JAKARTA, KOMPAS.com - Direktur Pusat Pengkajian Pancasila dan Konstitusi Universitas Jember Bayu Dwi Anggono menganggap wacana pemilihan presiden digelar secara tidak langsung dan dikembalikan ke MPR seperti mengulang lagu lama.
"Sebenarnya, banyak wacana strategis yang bisa kita angkat ya dalam rangka penyempurnaan tata negara kita. Tapi membicarakan lagu lama soal presiden dipilih oleh MPR, kemudian masa jabatan presiden jadi tiga periode, hal-hal semacam itu kontraproduktif bagi penguatan demokrasi kita," kata Bayu saat dihubungi, Minggu (1/12/2019).
Bayu mengingatkan bahwa konsensus bersama sejak era Reformasi adalah memperkuat sistem presidensial.
Salah satu cirinya, presiden dipilih langsung oleh rakyat. Ketika presiden dipilih oleh MPR, akan berubah menjadi sistem parlementer.
"Padahal konsesus kita di era Reformasi itu kita ingin rakyat lebih kuat, maka ya presiden dipilih langsung rakyat. Lah ini kemudian apa? Alasan wacana seperti itu. Ini ketidaksiapan elite politik saja untuk memenangkan hati rakyat," kata Bayu.

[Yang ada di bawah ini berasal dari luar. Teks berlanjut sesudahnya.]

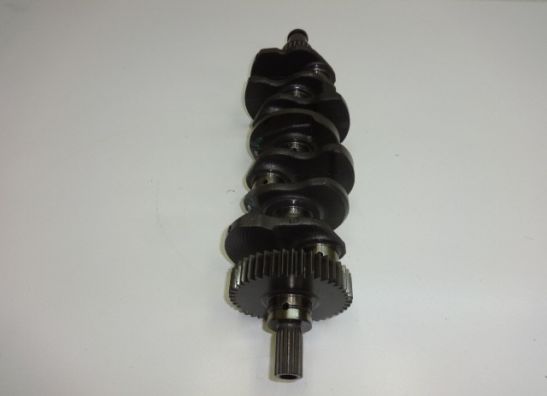 Krukas Honda CBF 600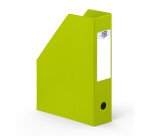 Porte-revues Oxford a4 dos 10 cm couverture carte rigide recouverte de pvc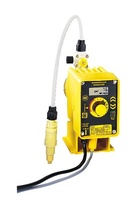 LMI Digital Remote-Control Solenoid-Diaphragm Metering Pumps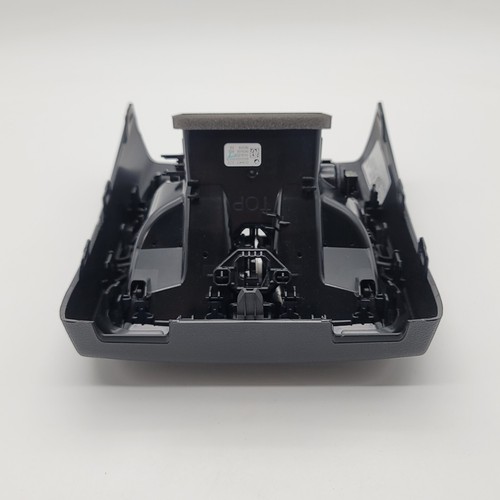 2021 2022 2023 2024 BMW G82 G83 G80 M3 M4 Rear Center Console A/C Vent Trim - Picture 17 of 20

"Mereka seperti enggan kemudian bekerja baik, bisa dinilai rakyat, sehingga mereka ambil jalan pintas sehingga bicara soal wacana ini presiden dipilih oleh MPR," lanjut dia.
Bayu pun mengkritik jika alasan wacana itu dimunculkan karena biaya politik yang tinggi dan menekan risiko konflik di masyarakat akibat kontestasi pemilihan presiden.
Ia mengakui bahwa dua hal itu merupakan bagian masalah dari sistem pemilihan yang belum sempurna.
Namun demikian, bukan berarti mencoba mengambil kedaulatan rakyat dengan mengembalikan pemilihan presiden ke MPR.
"Ya benahi sistem pemilu kita, pengawasannya, politik tanpa mahar, kan begitu seharusnya. Kampanye selama ini efektif menggunakan anggaran dari negara, sebisa mungkin money politic itu ditindak tegas. Jadi ini memang ada persoalan dalam pemilu kita, dengan yang lain itu," kata Bayu.
"Tapi bukan solusinya mengambil alih hak rakyat untuk kemudian presiden dipilih MPR. Kalau mau bicara soal masalah pemilu kita ya benahi sistem pemilunya. Bukan dengan ubah sistem pemilihannya yang itu sudah merupakan konsensus di era Reformasi," tegas dia.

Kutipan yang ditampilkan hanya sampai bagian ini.